→ **Exercise description**: Return each line below exactly as it reads, and omit any image in it.

Source data:
----
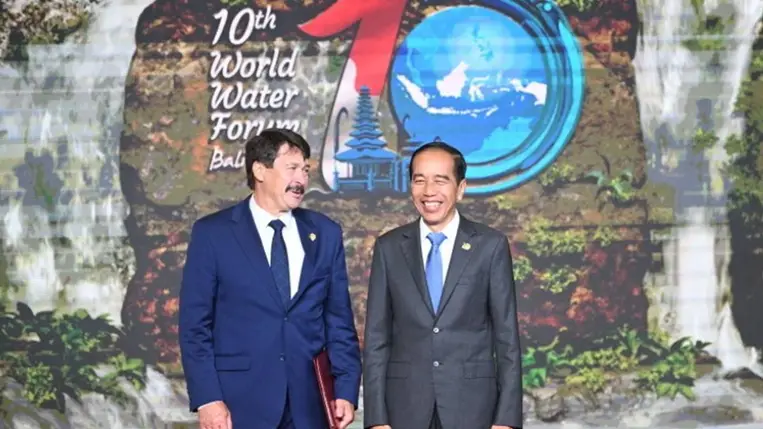 Joko Widodo indonéz államfő fogadja Áder János korábbi köztársasági elnököt a10. Víz Világfórumon (Fotó: MTI/Antara Foto/Víz Világfórum sajtóközpontja/Nova Wahyudi)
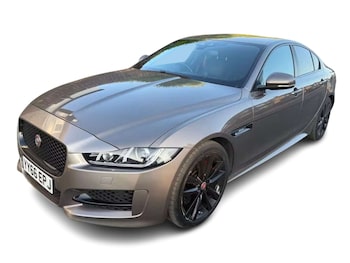 Used Jaguar XE 2016 for sale - 79631696: Photo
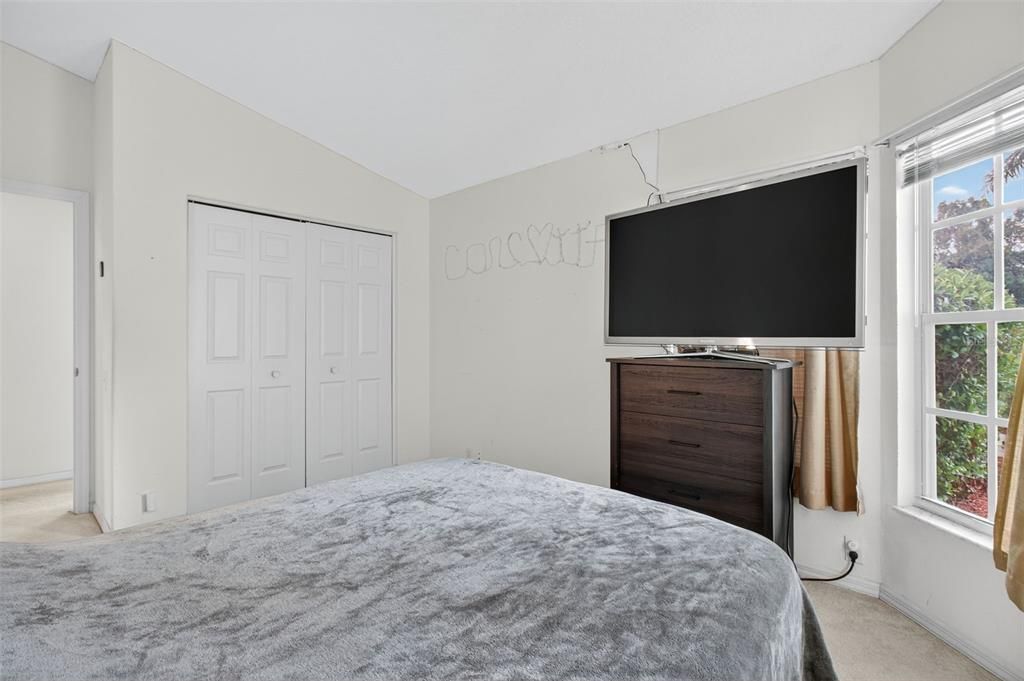 出租: $1,900 (2 贝兹, 2 浴室, 1457 平方英尺)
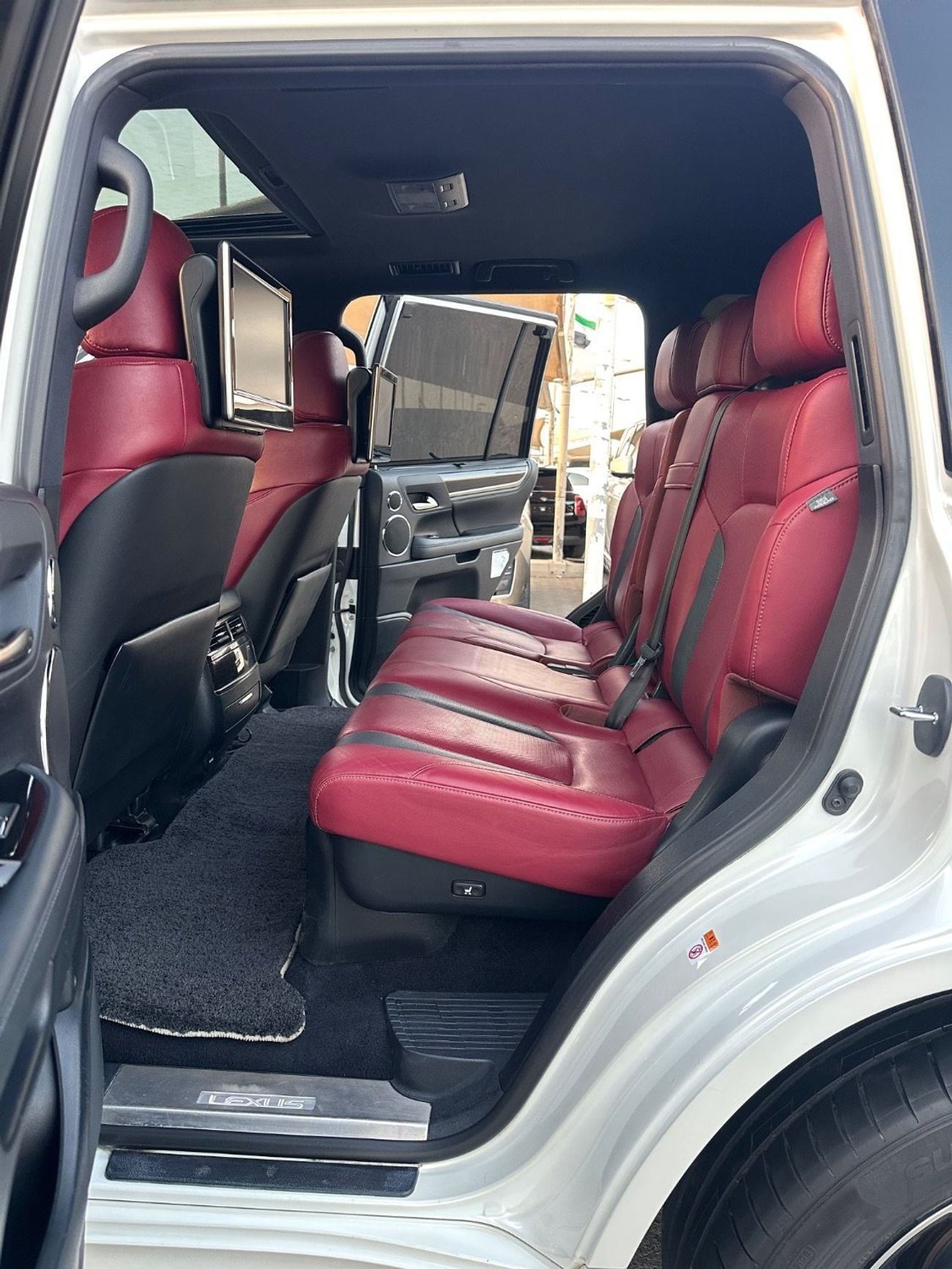 Lexus LX570 PLATINUM SIGNATURE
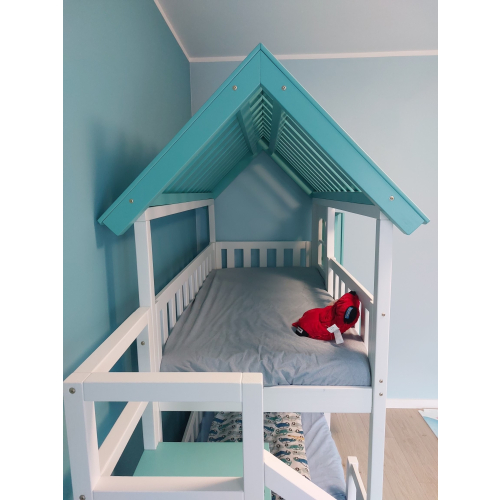 Køjeseng med trappe og vinduer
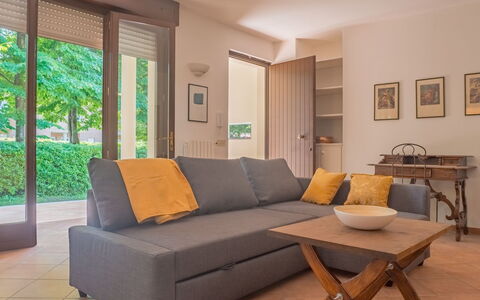 Casa Carla: Meubles, Design Intérieur, Sol, Canapé, Sol, Bois, Table, Pièce, Salon, Parquet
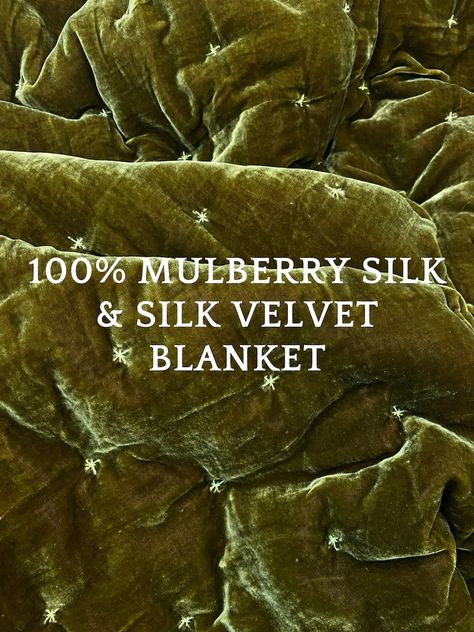 100% Mulberry Silk Velvet Throw Blanket Quilt, Velvet Spread Luxury Silk Velvet Bedding, Housewarming Gift, Christmas Gift, Custom Available - Etsy Moody Bedspread, Chartreuse Bedding, Green Decor Bedroom, Green Velvet Throw Pillow, Luxury Bedspreads, Velvet Throw Blanket, Velvet Bedding, Velvet Decor, Velvet Bedspread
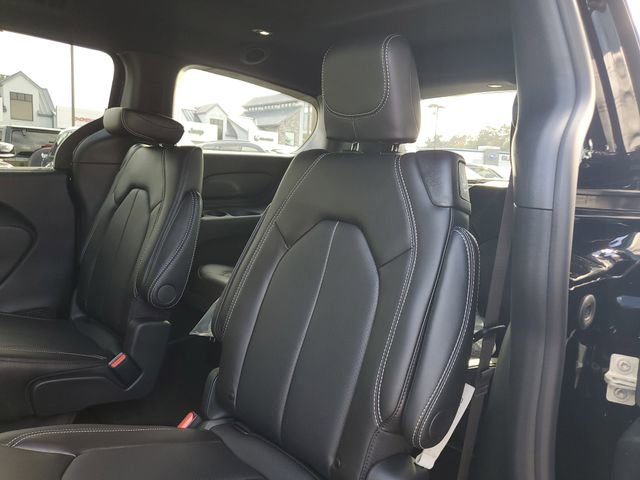 New 2026 Chrysler Pacifica Select image 14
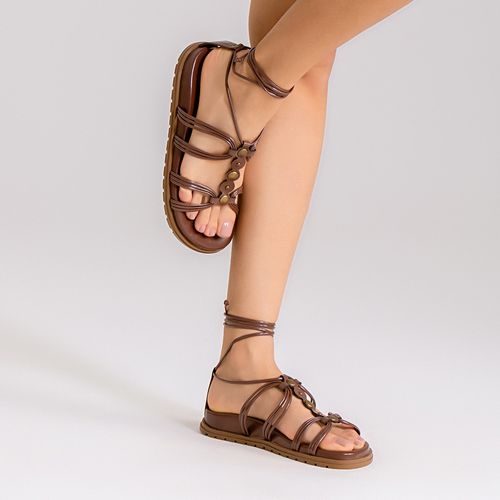 Sandália Papete Tratorara Amarração Gladiadora Tachas Rebite e Medalha Metal Feminino Milano Caramelo 14439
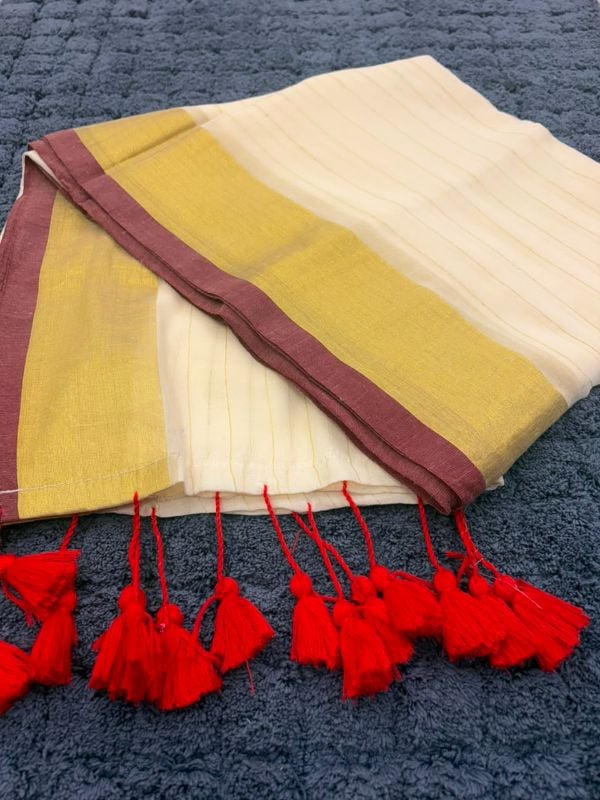 Maroon & Golden Border Mulcotton Saree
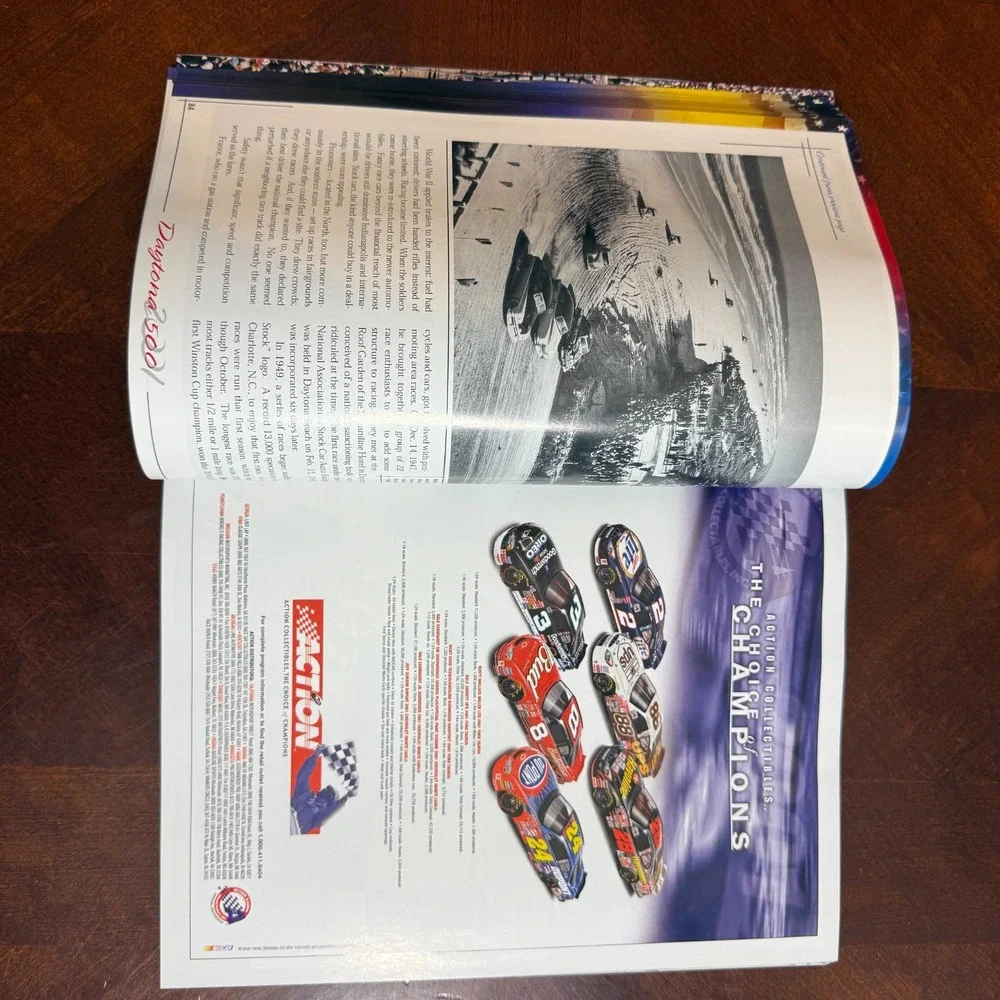 Daytona‎ 500 Official Program 2001 NASCAR Souvenir Race Book Jeff Gordon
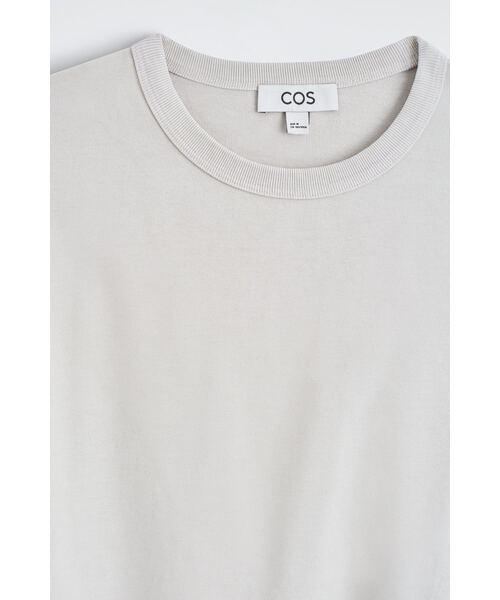 COS(コス)の「リラックス ウォッシュド コットンTシャツ(Tシャツ/カットソー・メンズ・グリーン/チャコール/ライトブルー・XL/S/M/L/XS)」の9枚目の写真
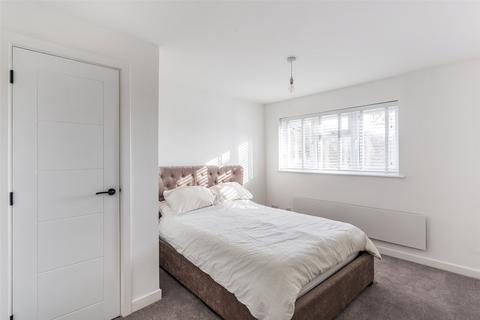 45 Oakfields, Walliswood, Dorking, RH5 5RQ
----
→ **Output below**:
 Joko Widodo indonéz államfő fogadja Áder János korábbi köztársasági elnököt a10. Víz Világfórumon (Fotó: MTI/Antara Foto/Víz Világfórum sajtóközpontja/Nova Wahyudi)
 Used Jaguar XE 2016 for sale - 79631696: Photo
 出租: $1,900 (2 贝兹, 2 浴室, 1457 平方英尺)
 Lexus LX570 PLATINUM SIGNATURE
 Køjeseng med trappe og vinduer
 Casa Carla: Meubles, Design Intérieur, Sol, Canapé, Sol, Bois, Table, Pièce, Salon, Parquet
 100% Mulberry Silk Velvet Throw Blanket Quilt, Velvet Spread Luxury Silk Velvet Bedding, Housewarming Gift, Christmas Gift, Custom Available - Etsy Moody Bedspread, Chartreuse Bedding, Green Decor Bedroom, Green Velvet Throw Pillow, Luxury Bedspreads, Velvet Throw Blanket, Velvet Bedding, Velvet Decor, Velvet Bedspread
 New 2026 Chrysler Pacifica Select image 14
 Sandália Papete Tratorara Amarração Gladiadora Tachas Rebite e Medalha Metal Feminino Milano Caramelo 14439
 Maroon & Golden Border Mulcotton Saree
 Daytona‎ 500 Official Program 2001 NASCAR Souvenir Race Book Jeff Gordon
 COS(コス)の「リラックス ウォッシュド コットンTシャツ(Tシャツ/カットソー・メンズ・グリーン/チャコール/ライトブルー・XL/S/M/L/XS)」の9枚目の写真
 45 Oakfields, Walliswood, Dorking, RH5 5RQ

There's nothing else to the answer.